On 11 February 2019, the FSRA issued a consultation paper on its proposed revisions to the AML regime in the ADGM.
New DIFC Companies Law and Enhancements to the DFSA’s Funds Regime
As already discussed in greater detail in previous Al Tamimi updates, in November 2018 the DIFC introduced a new companies’ regime which included the issuance of a new Companies Law (DIFC Law No. 5 of 2018) which came into effect on 12 November 2018. The new companies’ regime aims to provide greater certainty and flexibility to companies by introducing the concept of private and public companies, where private companies are subject to less stringent requirements. Various other amendments were introduced including enhanced directors’ duties. An important point to note in respect of the new DIFC regime, is that DFSA regulated firms, are exempt from the new Ultimate Beneficial Owner regulations.
Following this, the DFSA also introduced some enhancements to their funds’ regime.

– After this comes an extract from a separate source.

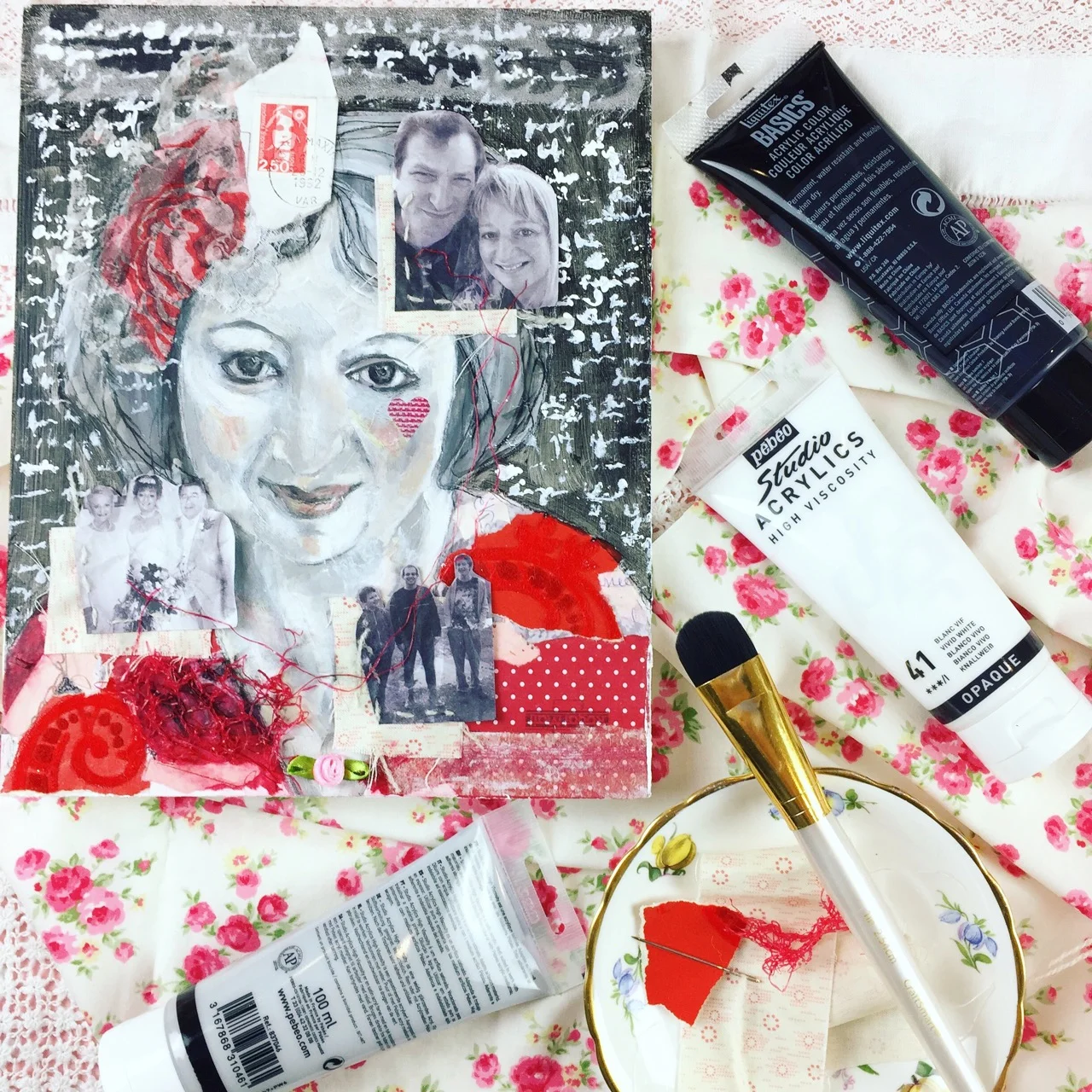 The Art Of Contentment - February mixed media portrait.jpg
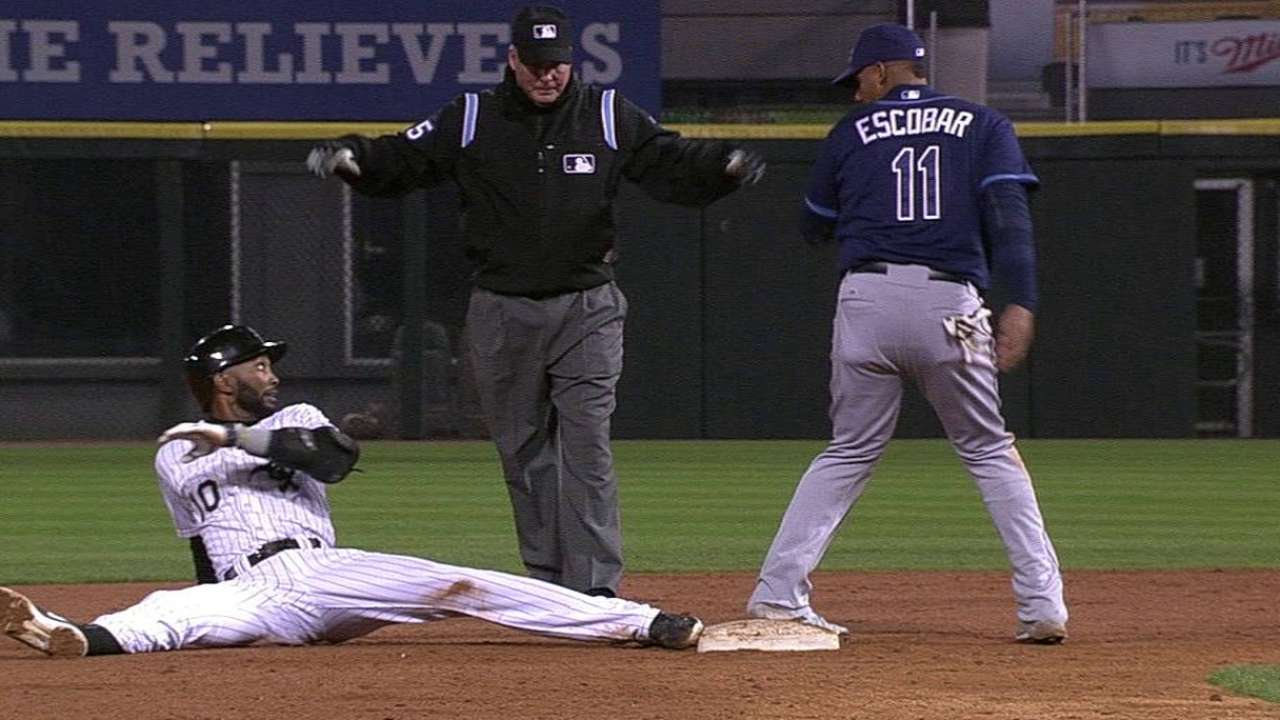 Alexei's double stands after Rays challenge ruling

Some of the changes include: a new distinction between a public and private company as introduced by the Companies Law; removing the investor number-based criteria in the Exempt Fund and Qualified Investor Fund definitions; introducing Exchange-Traded Funds as a new specialist class of fund; making some changes relating to Property Funds; and introducing a new model for internal management of an Investment Company, where such a company can be internally managed by its licenced sole corporate director, subject to certain requirements.
Regulation Crypto Asset Activities in the ADGM
Following on from previous a guidance issued by the FSRA in 2017 regarding its regulatory treatment of initial coin offerings, on 25 June 2018 the FSRA issued its framework for the regulation of crypto asset activities in the ADGM. This included introducing a new Regulated Activity of ‘Operating a Crypto Asset Business’ which covers exchanges, custodians and other intermediaries engaged in crypto asset activities.
In accordance with the ADGM’s guidance operating a Crypto Asset Business involves undertaking one or more Crypto Asset activities in or from the ADGM. Crypto Asset activities include dealing, managing, advising, arranging and marketing in relation to Accepted Crypto Assets (as further defined in the FSRA’s Rules) or operating a Crypto Asset Exchange or operating as a Crypto Asset Custodian.
Regulation of Private Financing Platforms in the ADGM
On 10 September 2018 the FSRA issued its framework for operators of financing or funding platforms for non-public companies, referred to as ‘Private Financing Platforms’. The new Regulated Activity of ‘Operating a Private Financing Platform’ is defined to capture a number of alternative financing arrangements including equity funding, private placement and invoice financing. Under the new framework the FSRA has also updated its Conduct of Business Rulebook to include rules applicable to Operating a Private Financing Platform. They have also issued detailed guidance covering the authorisation criteria for potential applicants and ongoing regulatory requirements of operators of Private Financing Platforms.